IN LAST month’s Leap 100 poll, 65 per cent of respondents said that they were “a little concerned” about the approaching EU General Data Protection Regulation (GDPR). In fact, only 12 per cent were “not concerned at all”.
GDPR is the new set of rules which are coming into full effect across the EU from 25 May 2018 – and that includes the UK, Brexit or not. GDPR will be directly applicable in the UK from that date, and the British government has made it clear that, even after Brexit, the UK intends essentially to keep GDPR in place, as British law.
Two of the key features of GDPR are an increased focus on transparency (telling people what you plan to do with their personal data), and accountability (recording what you are doing to comply with the law).
Other major themes include the concepts of “data minimisation” (only collecting and processing the minimum amount of data that you need for the purpose you are seeking to achieve), and only keeping that personal data for as long as is necessary for the purposes for which you are holding it.
In other words, it is made very clear that, while “big data” is seen as a good thing, even bigger data is not. On top of that, individuals have a number of rights – including the right to see their data, to correct it, to transfer it, and to delete it.

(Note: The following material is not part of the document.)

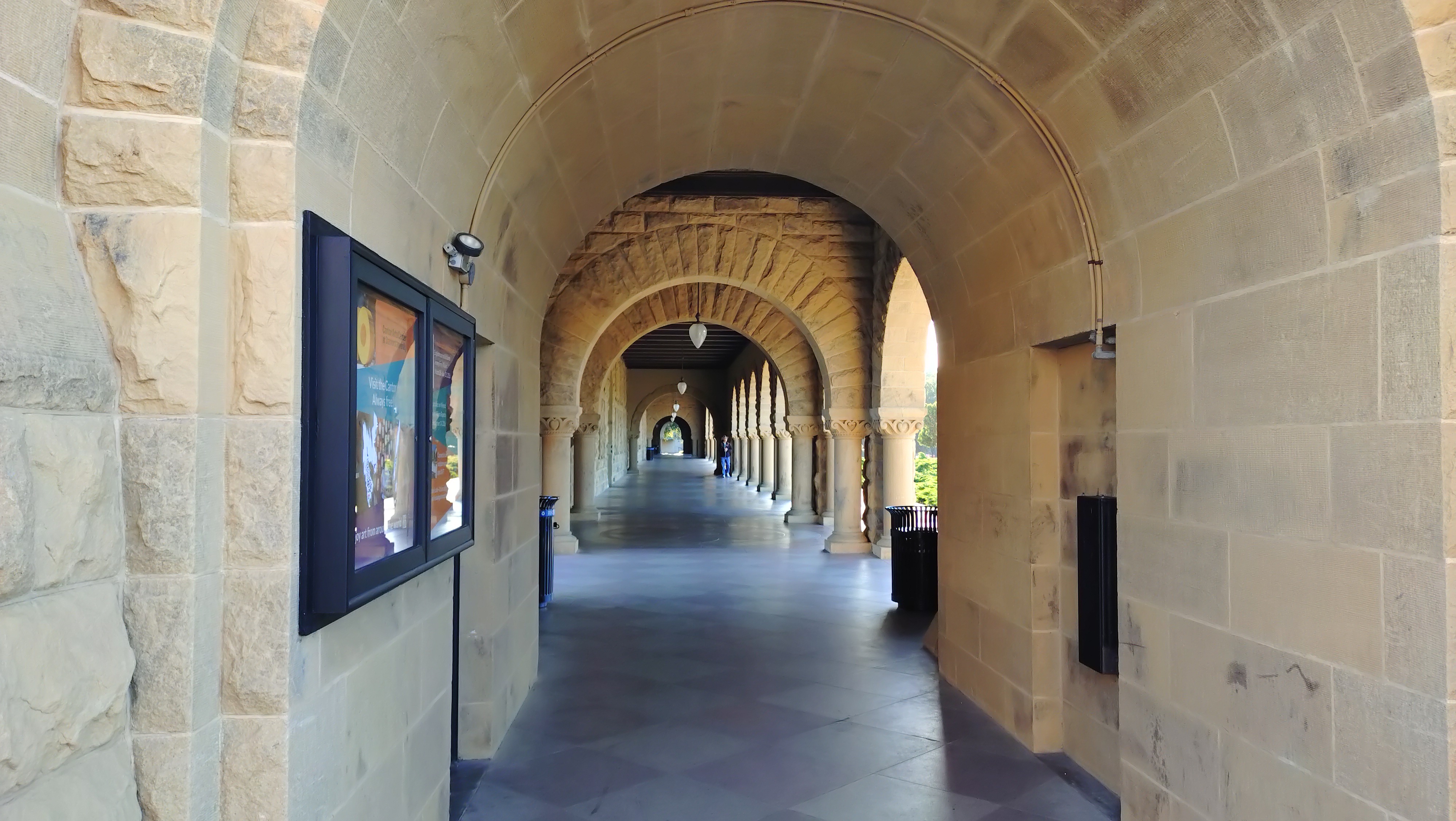 (2026-05-30) Stanford University 的走廊。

The other talking point around data collection is whether you need to get the person’s consent, and what consent means. Consent is one means of making processing lawful – but it will often not be the best way, and in many cases will not be the right way at all.

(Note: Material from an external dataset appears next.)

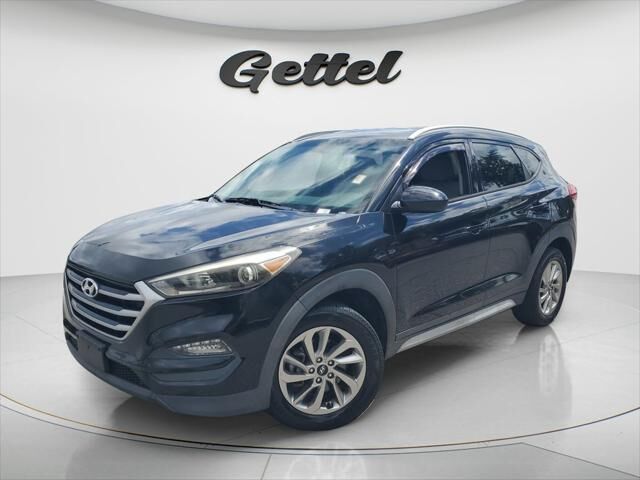 2017 Hyundai TUCSON SE — photo 1 of 13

If you need to collect data in order to perform a contract – for example, you need my address to deliver my online shopping to me – you can rely on that. Similarly, if you have a legitimate interest in processing my data which does not interfere unduly in my rights, you can rely on that instead.
The final big issue is around fines. Under GDPR, fines for breach could hit the higher of €20m and 4 per cent of global turnover – but the UK’s information commissioner has been at pains to dampen concerns about that, indicating that much lower fines should be anticipated. Even so, a serious breach could lead to a very serious fine.

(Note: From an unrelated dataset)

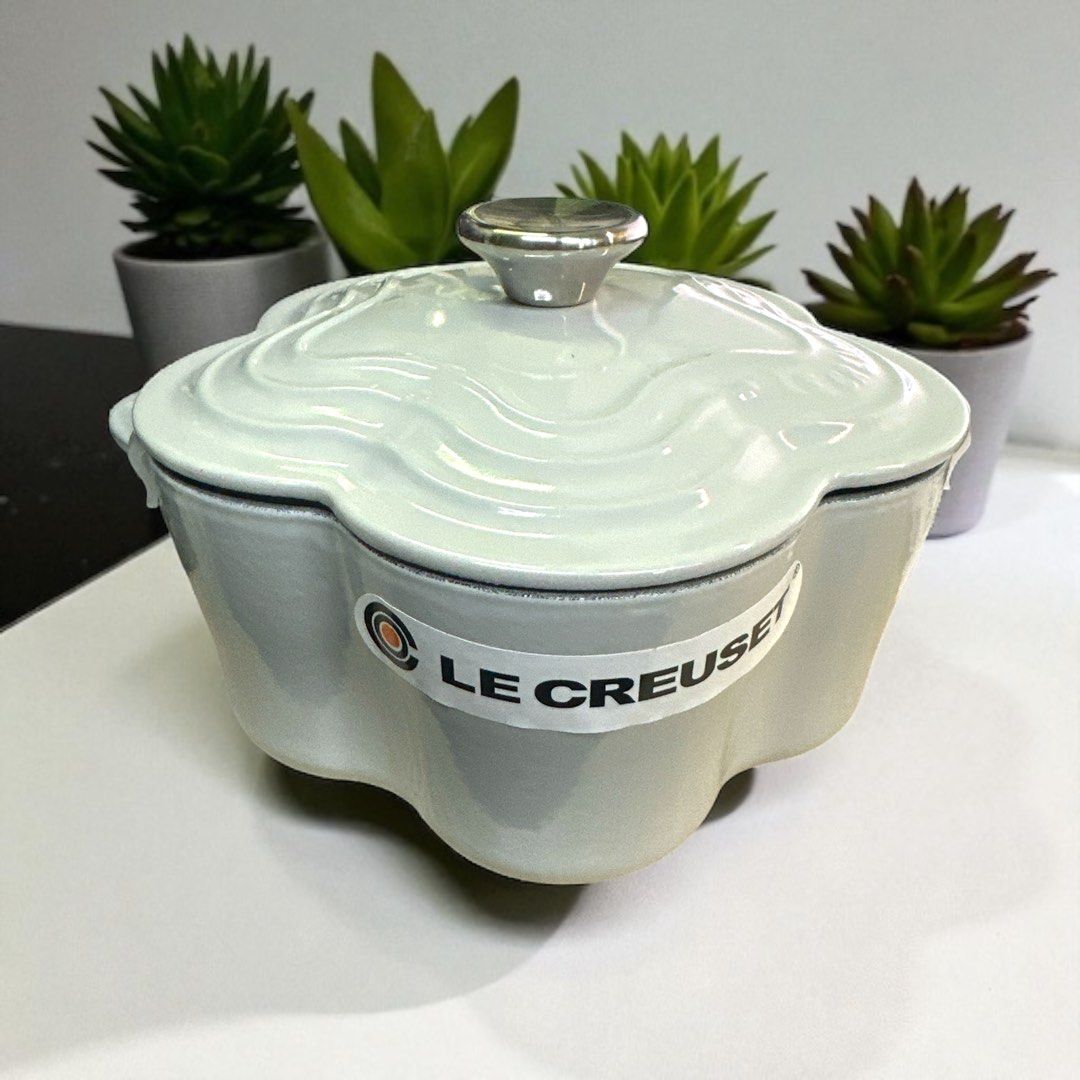 Le Creuset Flower Casserole, Vapeur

So what should businesses be doing now? In order to work out what you need to do to comply with the law, you need to have a clear view of: what data you are collecting; how you collect it; where you store it; why you hold it; what you do with it; how long you keep it; and how securely is it being kept. You can do that by speaking to the relevant people in your organisation and gathering your evidence. You can also undertake a review of the IT systems you are using to trace the data’s journey.
What you cannot afford to do is to assume everything is fine without further enquiry – 41 per cent of respondents to the last poll said that they had invested no capital in ensuring their systems are GDPR compliant. That’s a pretty worrying thought.